▶ [Your assignment] Could you write out every entry exactly as it stands?

Caption-style text data:
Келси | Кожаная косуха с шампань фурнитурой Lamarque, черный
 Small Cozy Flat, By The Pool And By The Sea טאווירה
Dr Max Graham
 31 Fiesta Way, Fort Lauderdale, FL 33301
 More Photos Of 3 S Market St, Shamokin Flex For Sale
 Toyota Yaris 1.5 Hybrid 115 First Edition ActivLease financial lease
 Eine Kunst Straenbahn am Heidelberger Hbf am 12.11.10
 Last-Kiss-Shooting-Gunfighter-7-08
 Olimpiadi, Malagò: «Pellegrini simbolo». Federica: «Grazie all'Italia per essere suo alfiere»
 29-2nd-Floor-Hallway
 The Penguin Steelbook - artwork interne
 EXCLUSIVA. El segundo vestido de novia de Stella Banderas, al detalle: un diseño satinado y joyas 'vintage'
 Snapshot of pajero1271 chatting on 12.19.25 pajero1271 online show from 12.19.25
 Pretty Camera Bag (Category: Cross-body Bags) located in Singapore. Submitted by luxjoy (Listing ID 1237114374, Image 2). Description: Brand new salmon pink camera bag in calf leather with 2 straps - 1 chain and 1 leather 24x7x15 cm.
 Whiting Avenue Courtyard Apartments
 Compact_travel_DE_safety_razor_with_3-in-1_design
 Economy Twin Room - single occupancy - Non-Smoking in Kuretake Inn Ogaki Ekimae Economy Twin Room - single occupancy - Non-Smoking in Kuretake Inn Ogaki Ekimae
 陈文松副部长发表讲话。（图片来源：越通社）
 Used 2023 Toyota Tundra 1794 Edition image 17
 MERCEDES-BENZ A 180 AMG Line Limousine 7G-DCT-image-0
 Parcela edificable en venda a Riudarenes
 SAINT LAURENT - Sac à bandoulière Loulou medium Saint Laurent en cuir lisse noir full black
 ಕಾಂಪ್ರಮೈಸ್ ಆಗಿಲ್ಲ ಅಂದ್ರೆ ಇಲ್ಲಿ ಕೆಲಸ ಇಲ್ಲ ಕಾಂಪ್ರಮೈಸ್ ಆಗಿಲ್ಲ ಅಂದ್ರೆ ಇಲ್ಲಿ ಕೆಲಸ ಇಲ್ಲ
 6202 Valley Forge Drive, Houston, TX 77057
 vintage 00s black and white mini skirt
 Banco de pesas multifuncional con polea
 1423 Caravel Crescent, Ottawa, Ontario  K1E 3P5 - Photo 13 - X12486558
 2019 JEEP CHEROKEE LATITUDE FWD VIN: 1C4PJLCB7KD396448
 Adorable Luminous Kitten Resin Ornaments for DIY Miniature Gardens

▶ [Result]
Келси | Кожаная косуха с шампань фурнитурой Lamarque, черный
 Small Cozy Flat, By The Pool And By The Sea טאווירה
Dr Max Graham
 31 Fiesta Way, Fort Lauderdale, FL 33301
 More Photos Of 3 S Market St, Shamokin Flex For Sale
 Toyota Yaris 1.5 Hybrid 115 First Edition ActivLease financial lease
 Eine Kunst Straenbahn am Heidelberger Hbf am 12.11.10
 Last-Kiss-Shooting-Gunfighter-7-08
 Olimpiadi, Malagò: «Pellegrini simbolo». Federica: «Grazie all'Italia per essere suo alfiere»
 29-2nd-Floor-Hallway
 The Penguin Steelbook - artwork interne
 EXCLUSIVA. El segundo vestido de novia de Stella Banderas, al detalle: un diseño satinado y joyas 'vintage'
 Snapshot of pajero1271 chatting on 12.19.25 pajero1271 online show from 12.19.25
 Pretty Camera Bag (Category: Cross-body Bags) located in Singapore. Submitted by luxjoy (Listing ID 1237114374, Image 2). Description: Brand new salmon pink camera bag in calf leather with 2 straps - 1 chain and 1 leather 24x7x15 cm.
 Whiting Avenue Courtyard Apartments
 Compact_travel_DE_safety_razor_with_3-in-1_design
 Economy Twin Room - single occupancy - Non-Smoking in Kuretake Inn Ogaki Ekimae Economy Twin Room - single occupancy - Non-Smoking in Kuretake Inn Ogaki Ekimae
 陈文松副部长发表讲话。（图片来源：越通社）
 Used 2023 Toyota Tundra 1794 Edition image 17
 MERCEDES-BENZ A 180 AMG Line Limousine 7G-DCT-image-0
 Parcela edificable en venda a Riudarenes
 SAINT LAURENT - Sac à bandoulière Loulou medium Saint Laurent en cuir lisse noir full black
 ಕಾಂಪ್ರಮೈಸ್ ಆಗಿಲ್ಲ ಅಂದ್ರೆ ಇಲ್ಲಿ ಕೆಲಸ ಇಲ್ಲ ಕಾಂಪ್ರಮೈಸ್ ಆಗಿಲ್ಲ ಅಂದ್ರೆ ಇಲ್ಲಿ ಕೆಲಸ ಇಲ್ಲ
 6202 Valley Forge Drive, Houston, TX 77057
 vintage 00s black and white mini skirt
 Banco de pesas multifuncional con polea
 1423 Caravel Crescent, Ottawa, Ontario  K1E 3P5 - Photo 13 - X12486558
 2019 JEEP CHEROKEE LATITUDE FWD VIN: 1C4PJLCB7KD396448
 Adorable Luminous Kitten Resin Ornaments for DIY Miniature Gardens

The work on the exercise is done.